:: Data provided ::

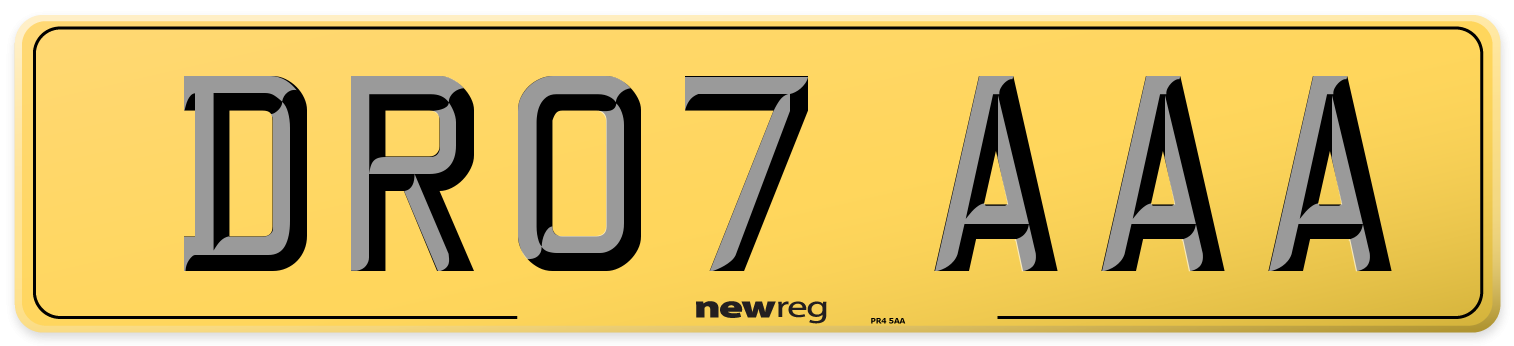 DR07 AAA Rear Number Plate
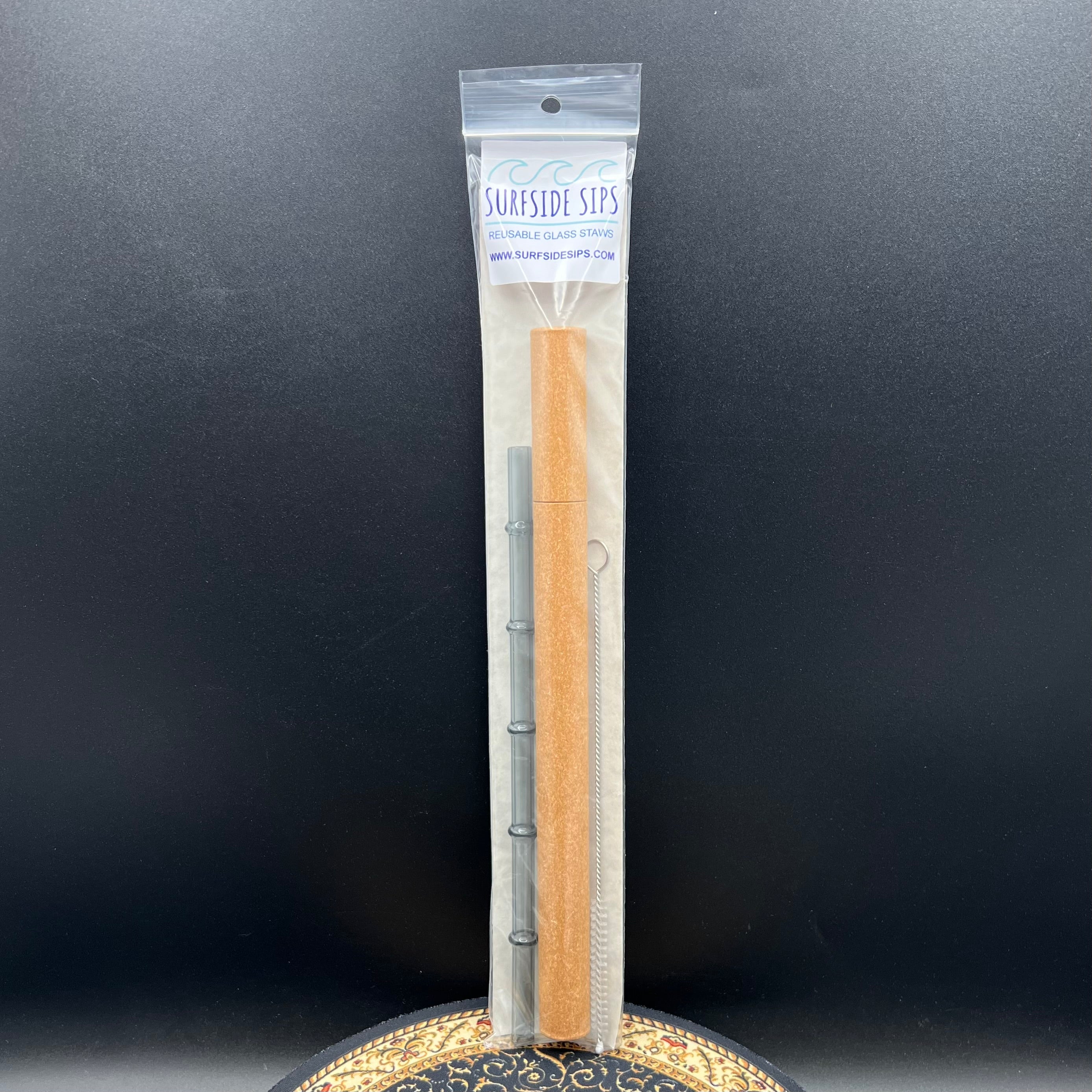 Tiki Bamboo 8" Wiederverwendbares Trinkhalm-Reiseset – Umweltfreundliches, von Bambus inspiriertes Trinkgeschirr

:::
:: Data provided ::

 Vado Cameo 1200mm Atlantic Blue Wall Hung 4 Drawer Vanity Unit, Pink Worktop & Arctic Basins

:::

## Exercise objective
With the pictures omitted, restate word for word the lines above from the line that has "DR07 AAA Rear Number Plate" up to and including the line that has "Bambus inspiriertes Trinkgeschirr", and no other lines.

## Task solution
 DR07 AAA Rear Number Plate
 Tiki Bamboo 8" Wiederverwendbares Trinkhalm-Reiseset – Umweltfreundliches, von Bambus inspiriertes Trinkgeschirr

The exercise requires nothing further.